Of the entries below, restate word for word only the section that runs from the line with "4 Cherryvalley Green" to the line with "RIRIKU Resin Coaster Set NWT", counting both ends.

[[ TASK MATERIAL, beginning ]]

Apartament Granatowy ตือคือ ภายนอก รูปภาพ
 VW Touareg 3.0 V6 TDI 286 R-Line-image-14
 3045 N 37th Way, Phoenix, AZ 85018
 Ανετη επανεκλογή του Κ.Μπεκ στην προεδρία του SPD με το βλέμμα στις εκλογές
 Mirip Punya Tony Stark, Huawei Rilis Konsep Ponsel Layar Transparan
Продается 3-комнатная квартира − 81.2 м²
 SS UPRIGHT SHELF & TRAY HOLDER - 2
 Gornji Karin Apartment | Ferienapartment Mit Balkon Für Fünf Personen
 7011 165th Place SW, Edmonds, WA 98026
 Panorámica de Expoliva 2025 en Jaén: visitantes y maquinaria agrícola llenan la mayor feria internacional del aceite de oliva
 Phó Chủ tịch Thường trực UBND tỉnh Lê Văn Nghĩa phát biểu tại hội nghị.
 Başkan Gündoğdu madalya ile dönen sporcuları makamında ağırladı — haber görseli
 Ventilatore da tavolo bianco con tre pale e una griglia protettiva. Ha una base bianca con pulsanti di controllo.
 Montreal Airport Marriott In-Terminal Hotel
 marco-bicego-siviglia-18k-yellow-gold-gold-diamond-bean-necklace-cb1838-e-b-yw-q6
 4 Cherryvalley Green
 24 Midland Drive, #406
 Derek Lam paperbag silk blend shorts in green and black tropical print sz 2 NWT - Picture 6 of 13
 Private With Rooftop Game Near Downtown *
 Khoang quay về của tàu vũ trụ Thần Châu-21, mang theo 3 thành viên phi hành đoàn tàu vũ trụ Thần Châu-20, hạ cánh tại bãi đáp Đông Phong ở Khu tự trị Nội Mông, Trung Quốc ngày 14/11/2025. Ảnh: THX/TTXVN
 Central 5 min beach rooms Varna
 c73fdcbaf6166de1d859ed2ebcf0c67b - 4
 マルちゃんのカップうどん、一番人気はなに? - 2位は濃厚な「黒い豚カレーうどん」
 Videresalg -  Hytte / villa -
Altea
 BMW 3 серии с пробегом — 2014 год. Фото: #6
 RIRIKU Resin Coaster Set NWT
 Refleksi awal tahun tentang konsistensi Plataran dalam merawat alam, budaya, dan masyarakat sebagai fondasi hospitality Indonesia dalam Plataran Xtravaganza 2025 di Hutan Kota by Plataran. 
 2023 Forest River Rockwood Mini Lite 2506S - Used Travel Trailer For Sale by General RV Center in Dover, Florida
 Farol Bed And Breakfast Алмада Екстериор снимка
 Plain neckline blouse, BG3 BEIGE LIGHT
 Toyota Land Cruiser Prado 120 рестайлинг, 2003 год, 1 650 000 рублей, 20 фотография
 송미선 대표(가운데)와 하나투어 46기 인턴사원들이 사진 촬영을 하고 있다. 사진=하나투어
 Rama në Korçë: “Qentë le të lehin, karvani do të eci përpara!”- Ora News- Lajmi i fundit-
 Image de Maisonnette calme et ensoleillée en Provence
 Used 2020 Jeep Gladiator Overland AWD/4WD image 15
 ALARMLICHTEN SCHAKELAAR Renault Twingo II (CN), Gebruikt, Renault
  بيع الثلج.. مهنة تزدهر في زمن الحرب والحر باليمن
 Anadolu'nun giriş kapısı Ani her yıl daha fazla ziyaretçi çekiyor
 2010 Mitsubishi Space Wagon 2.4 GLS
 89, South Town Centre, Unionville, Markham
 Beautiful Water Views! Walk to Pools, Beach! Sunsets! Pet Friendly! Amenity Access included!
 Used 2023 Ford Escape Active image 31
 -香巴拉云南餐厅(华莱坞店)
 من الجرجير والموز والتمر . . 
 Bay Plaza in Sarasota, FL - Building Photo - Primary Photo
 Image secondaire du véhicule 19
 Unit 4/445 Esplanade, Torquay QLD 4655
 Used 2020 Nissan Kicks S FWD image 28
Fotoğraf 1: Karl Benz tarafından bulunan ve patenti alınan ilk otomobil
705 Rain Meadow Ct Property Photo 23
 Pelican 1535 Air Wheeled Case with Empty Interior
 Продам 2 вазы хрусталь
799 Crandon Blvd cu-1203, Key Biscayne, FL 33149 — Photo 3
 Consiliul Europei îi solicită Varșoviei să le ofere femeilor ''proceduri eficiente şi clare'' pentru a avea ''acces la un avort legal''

[[ TASK MATERIAL, end ]]

EXERCISE ANSWER.
 4 Cherryvalley Green
 24 Midland Drive, #406
 Derek Lam paperbag silk blend shorts in green and black tropical print sz 2 NWT - Picture 6 of 13
 Private With Rooftop Game Near Downtown *
 Khoang quay về của tàu vũ trụ Thần Châu-21, mang theo 3 thành viên phi hành đoàn tàu vũ trụ Thần Châu-20, hạ cánh tại bãi đáp Đông Phong ở Khu tự trị Nội Mông, Trung Quốc ngày 14/11/2025. Ảnh: THX/TTXVN
 Central 5 min beach rooms Varna
 c73fdcbaf6166de1d859ed2ebcf0c67b - 4
 マルちゃんのカップうどん、一番人気はなに? - 2位は濃厚な「黒い豚カレーうどん」
 Videresalg -  Hytte / villa -
Altea
 BMW 3 серии с пробегом — 2014 год. Фото: #6
 RIRIKU Resin Coaster Set NWT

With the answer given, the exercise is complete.